Lyrical, slyly funny, and deeply moving, How I built my own world without losing friends is a story of attraction, authorship, and the fragile architectures between people. It will draw you in, challenge you, and leave you with the strange ache of having walked through a place that should not exist. Themes, situations, and language are intended for mature audiences.

Gonzalez, Spector (b. 1986) is a Mexican American writer and narrative designer from Laredo, Texas. After studying interactive media at the University of Texas at Austin, Gonzalez worked in Mexico City building story systems for indie game studios and teaching workshops on collaborative world-building. Their fiction and essays have appeared in small magazines and festival zines, often exploring power, consent, and technology through layered cityscapes. In 2019 they relocated to Los Angeles while continuing to spend long stretches in Mexico City; when not writing, Gonzalez volunteers with community makerspaces, catalogs mid-century electronics, and leads night rides along the LA River.

Ratings & Reviews

Marta Quiroz
2025-08-16

Recommend to readers interested in creative-process intimacy, tech-adjacent romance, and Mexico City atmosphere, who prefer negotiation scenes to banter.
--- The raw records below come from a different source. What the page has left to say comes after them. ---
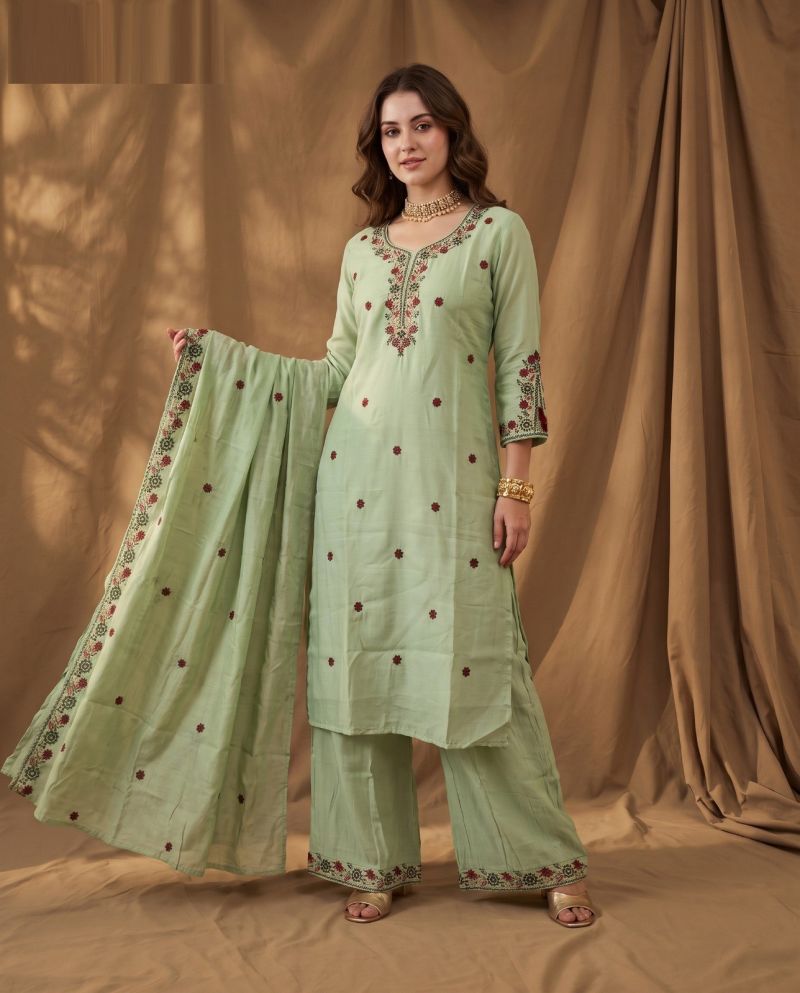 Amrah Wholesale Naisha K 1177 Mul Chanderi Kurti Pant Dupatta Set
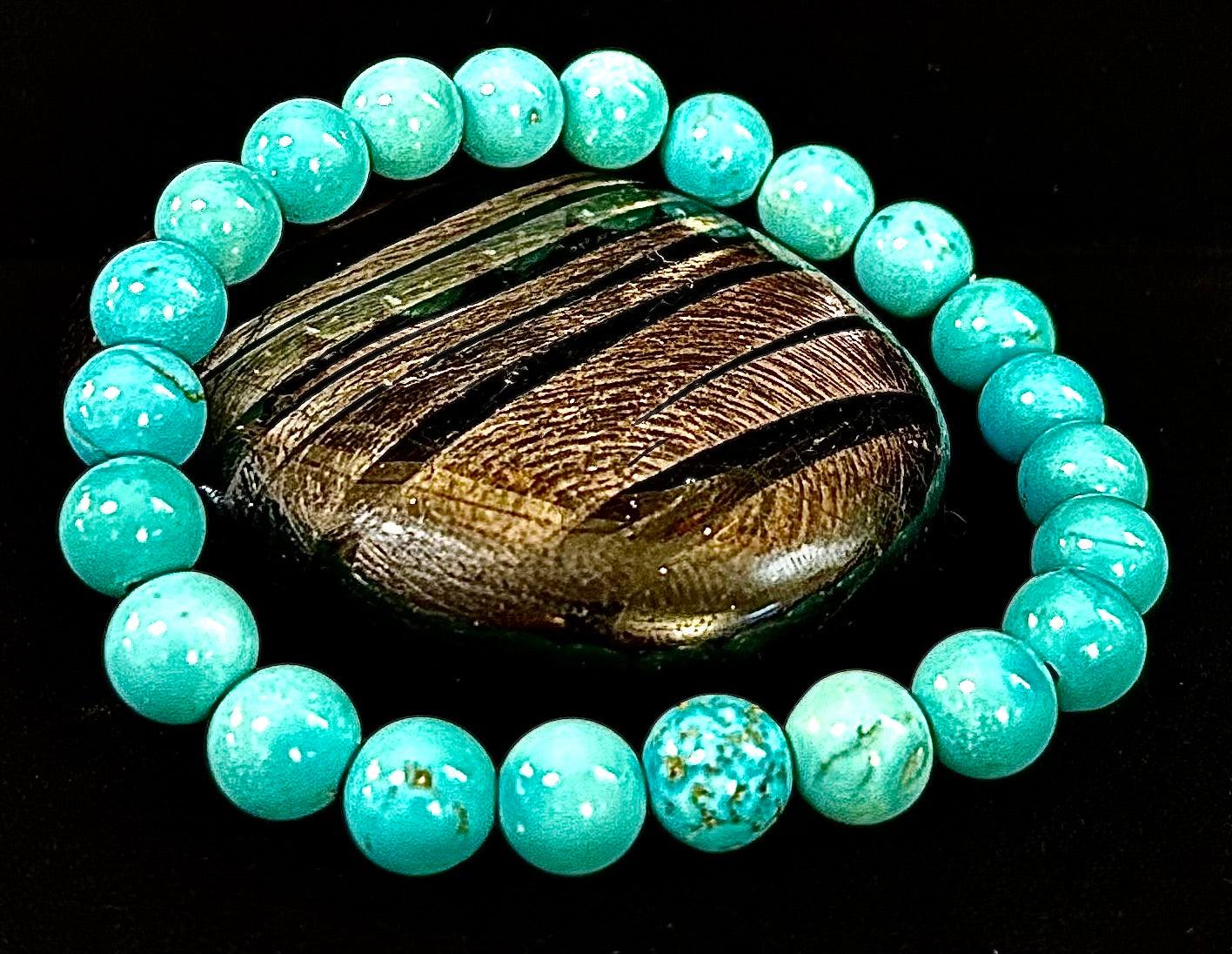 Natural Turquoise Howlite Beaded Bracelet – 8mm & 10mm Stones for Calm & Protection (Medium Wrists)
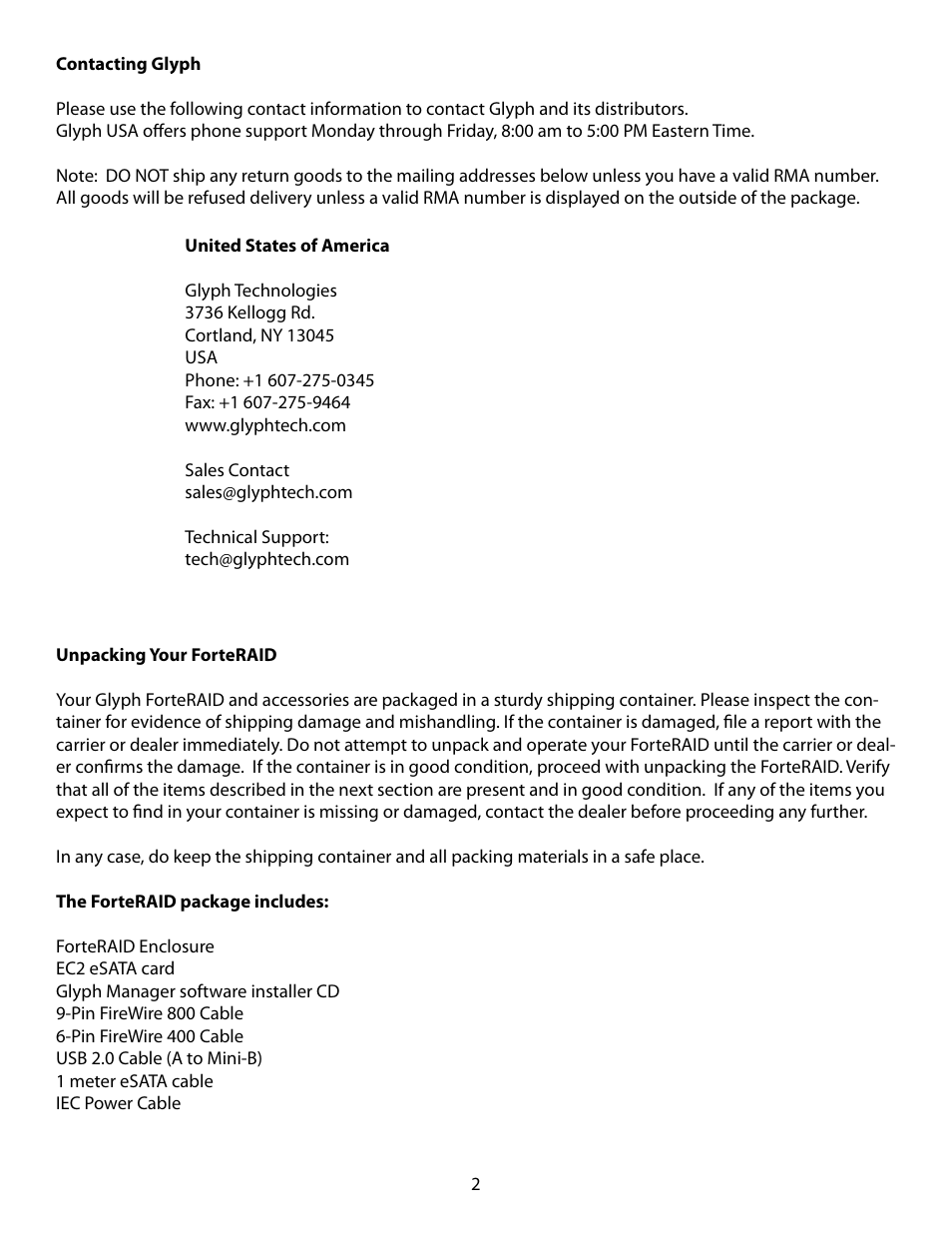 Glyph ForteRAID User Manual | Page 2 / 20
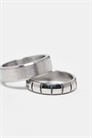 Набор из двух колец из нержавеющей стали с гравировкой и без нее артикул 142542084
Mature content, explicit language, and recurring control dynamics; includes boundary setting, consent frameworks, and emotional withholding. Not for readers seeking a warm friend-group subplot.

Kofi Mensah
2025-04-29

As a romance inside a VR build, it left me ambivalent.
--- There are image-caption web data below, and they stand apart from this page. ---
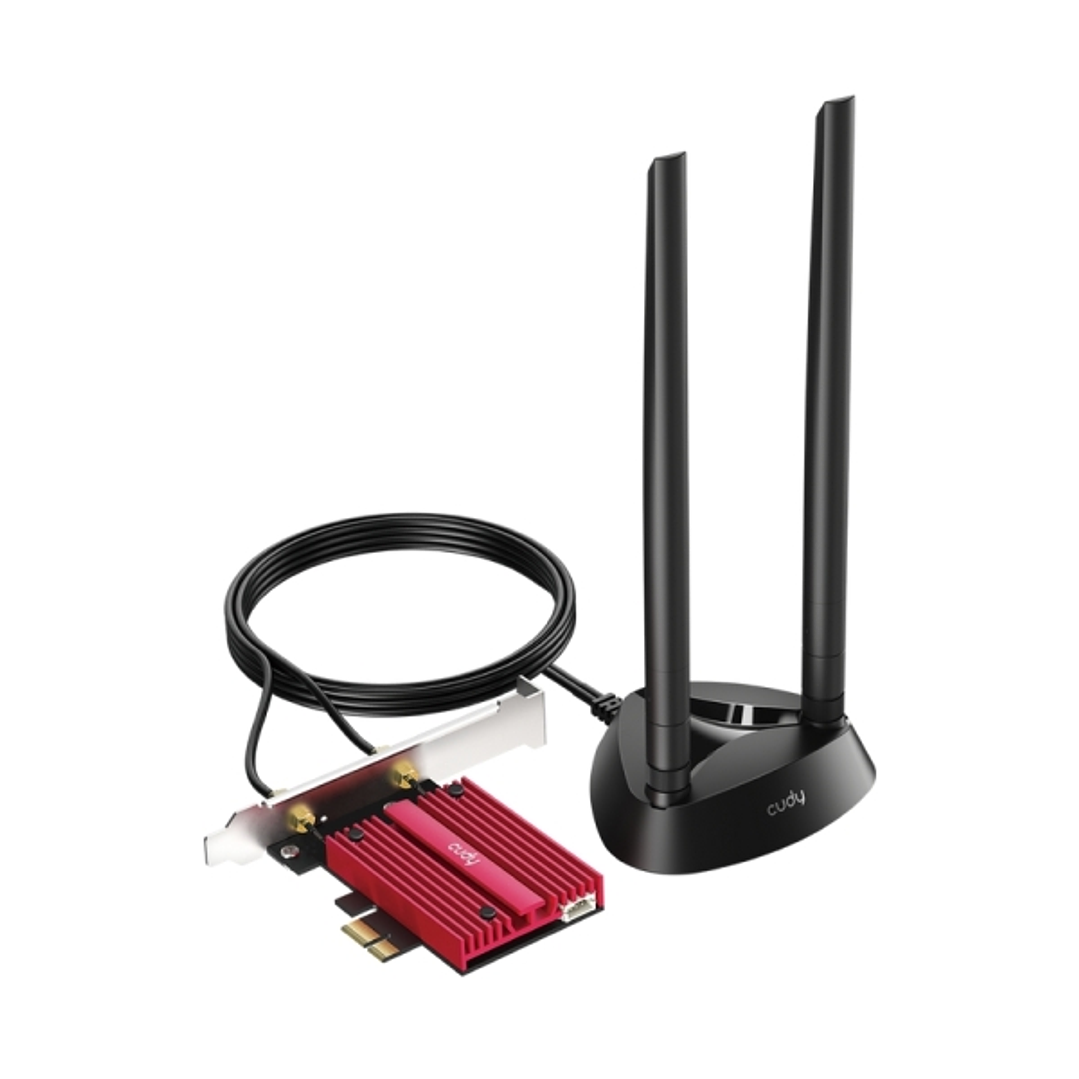 Cudy Adaptador de Red PCIe Tribanda WiFi 7 BE9300 - Bluetooth 5.4 - Disipador Termico - Base de Antena Magnetizada - Color Negro/Rojo 1
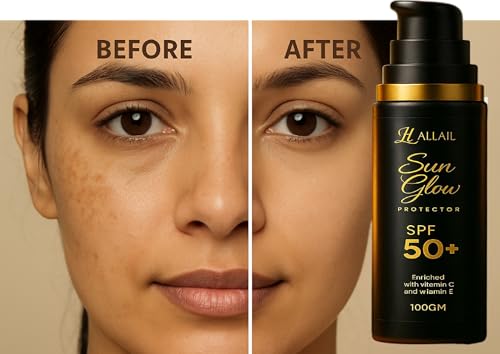 Image of ALLAIL SUN GLOW Protector Sunscreen, SPF 50+, Vitamin C and E Enriched, 100gm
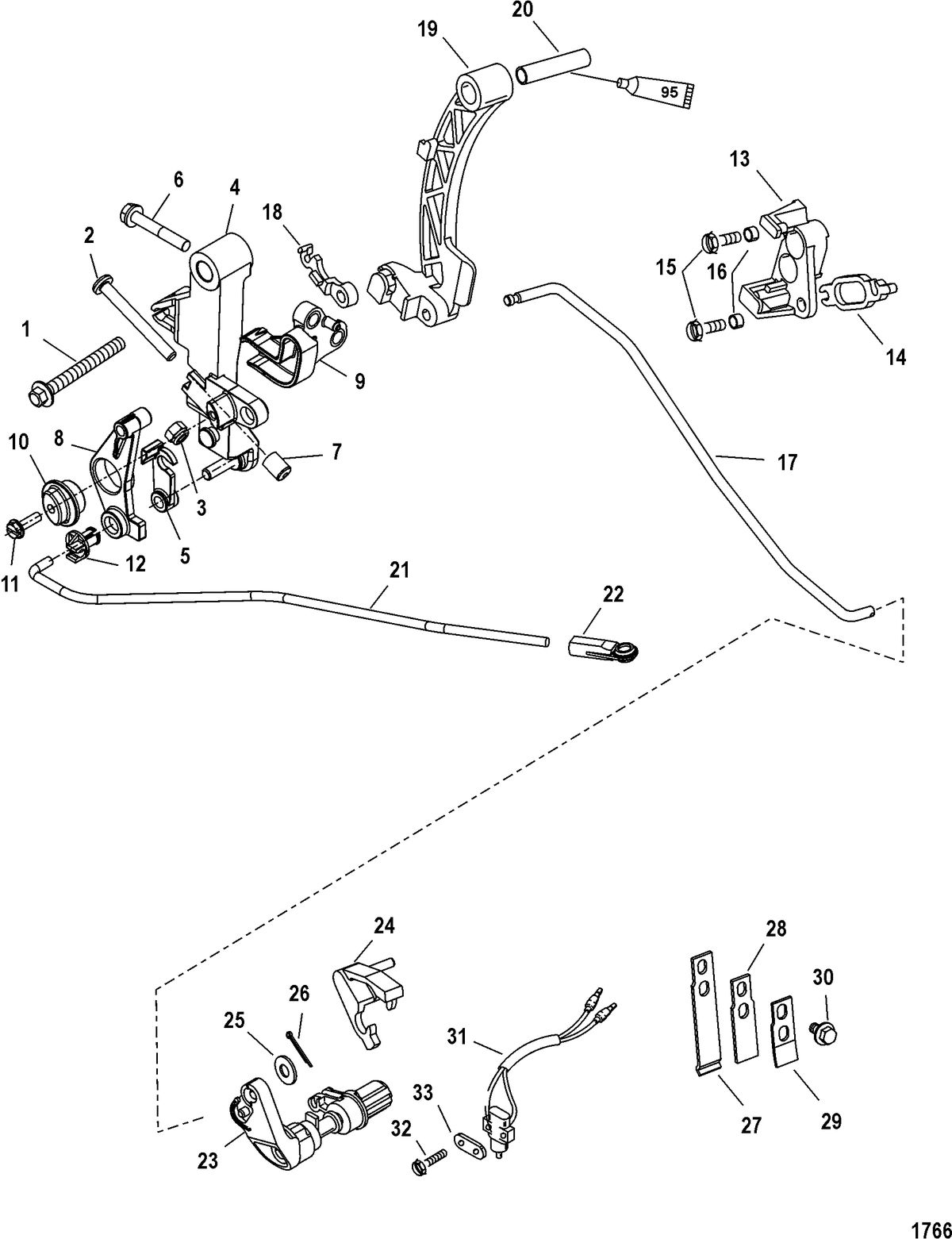 MERCURY/MARINER 30/40 EFI 4-STROKE (3 CYLINDER) Linkage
  • Precise workflow details give texture
  • Scenes loop instead of escalate
  • Friends and testers feel sidelined
Jonas McRae
2025-01-14

Talia starts bright and stubborn, but her arc narrows into compliance so often that I stopped believing in her independent streak.

Cassian is rendered with competent chill, yet the book confuses opacity with depth. His past is hinted like a redacted file, which keeps him distant rather than complicated.
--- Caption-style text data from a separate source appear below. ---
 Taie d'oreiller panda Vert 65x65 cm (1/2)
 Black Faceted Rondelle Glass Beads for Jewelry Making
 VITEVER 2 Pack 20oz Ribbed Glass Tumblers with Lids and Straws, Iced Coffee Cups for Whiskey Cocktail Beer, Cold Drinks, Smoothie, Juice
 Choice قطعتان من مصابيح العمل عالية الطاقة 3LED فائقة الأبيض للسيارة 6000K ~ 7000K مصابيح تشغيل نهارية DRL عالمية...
Dialogue becomes a series of permissions and timestamps. Real people laugh, fumble, call friends; here, the crew hovers around the glass like fog, rarely cutting through.

I kept hoping for one unruly choice to crack the veneer. It never arrives, and the chemistry cools to a checklist.

Lucía Armenta
2024-10-03

El estudio de vidrio sobre Reforma, los salares, las palomas de papel y los pozos de estrellas funcionan como una tesis sobre el control; las reglas de la simulación fascinan más que las escenas entre las personas, que quedan frías.

Priya Banerjee
2024-07-22

The prose toggles between lyrical city haze and practical dev-speak, and that mix mostly lands. Chapters stack like commits, each build adding texture without overexplaining the tools.

Still, the structure stalls when scenes repeat the rules of the covenant; momentum dips, and some late confessions feel slotted in rather than earned. Solid craft, uneasy rhythm.

Evan Leong
2024-05-11

I came for the promise of attraction colliding with authorship, but the book keeps circling the same power loop until the thread frays.

The design covenant is not just a metaphor, it is a leash. Every time Talia yields another hour, another boundary, the story tells me it is testing limits, yet the test feels pre-graded.

By the time their late-night builds are "a map of trust and control," I was no longer mapping anything; I was counting how many times the narrative insisted on obedience.

The mirrored lobby, the tower over Reforma, the servers humming in Toluca are sleek set pieces, but they often eclipse the community the grant supposedly champions.

I wanted mess, contradiction, the crew stepping in with real friction. Instead I got immaculate surfaces and a romance so tightly throttled it squeaks.